Les changements apportés à Bâle II porteront le niveau minimal de fonds propres sous la forme d'actions ordinaires de 2% à 4,5% des engagements. Les banques devront également disposer d'un coussin de sécurité supplémentaire de 2,5% faisant passer à 7 % les exigences minimales en fonds propres de base, et à 10,5%, au-delà de la composante actions. Le Comité de Bâle a également créé un volant contracyclique de fonds propres pouvant aller jusqu'à 2,5% supplémentaires. Constitué d'actions ordinaires, il sera exigible, à l'initiative des superviseurs, en cas d'expansion excessive du crédit de l'ensemble des banques, et il s'ajoutera alors au ratio minimal total de chacune d'elles. Le but est de renforcer les exigences en fonds propres dans les périodes de boom, afin de restreindre l'offre de prêts et de prévenir l'apparition de bulles spéculatives et la fragilisation des systèmes financiers au moment des renversements de tendances.

En outre, un ratio de levier minimum de 3% sera testé de 2013 à 2016, avec application au 1er janvier 2018. Un ratio de liquidité à court terme sera introduit le 1er janvier 2015 et le ratio de liquidité à long terme deviendra une norme minimale le 1er janvier 2018. Enfin, les établissements d'importance systémique devront disposer de capacités d'absorption des pertes supérieures aux normes standards. Mais les travaux se poursuivent encore en ce qui concerne l'identification de ces institutions et le calibrage des exigences supplémentaires en fonds propres.

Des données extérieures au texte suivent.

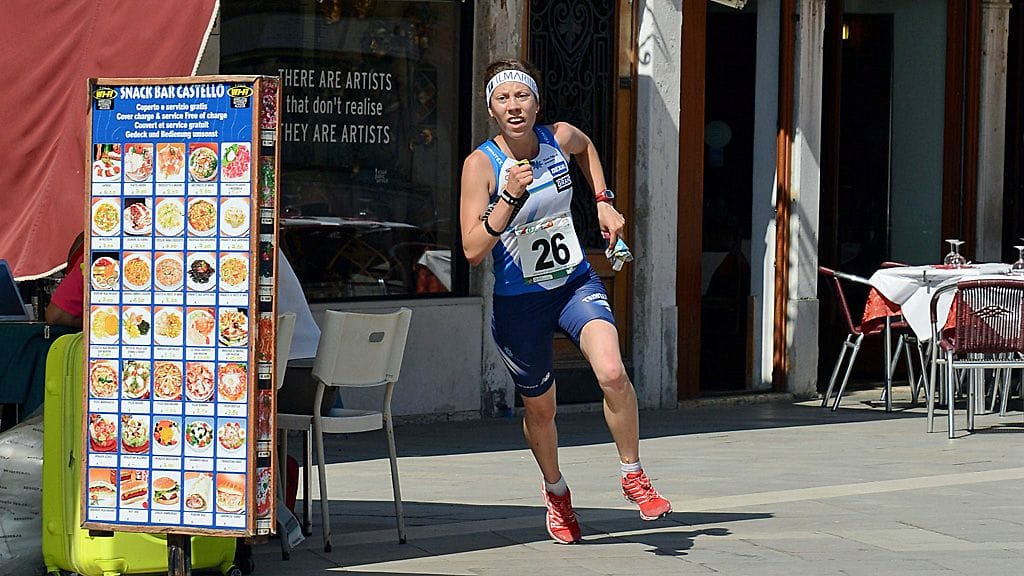 Venla Niemi Venetsian kaduilla.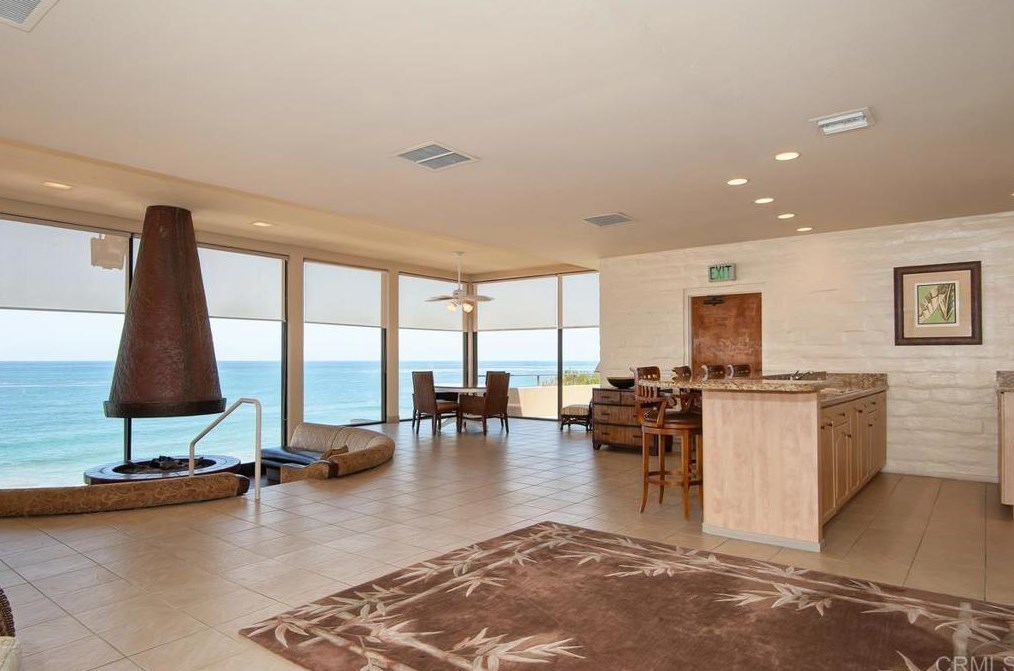 746 Sierra Ave, Solana Beach CA  92075-2615 exterior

Il y a là une série d'innovations qui révèlent l'émergence d'un nouveau paradigme macroprudentiel. Mais ce chantier paraît dangereusement inachevé. L'application généralisée de Bâle III a été fixée à un horizon trop lointain : 2019. Il est urgent d'accélérer le rythme et de durcir le calibrage de tous ces ratios. D'ailleurs, lors du tout récent sommet de la zone euro, le 26 octobre, et face aux derniers rebondissements de la crise de l'endettement souverain, il a été décidé de porter le ratio de fonds propres de 7% à 9%, avec application, au plus tard, au 30 juin 2012. Mais cette recapitalisation des banques européennes constitue une exigence temporaire, ne concernant que les membres de la zone euro. Afin de conforter la résilience des banques dans un contexte exceptionnellement risqué, il serait opportun que le prochain G20 de Cannes généralise et accélère ce renforcement des régulations bancaires à l'échelle mondiale.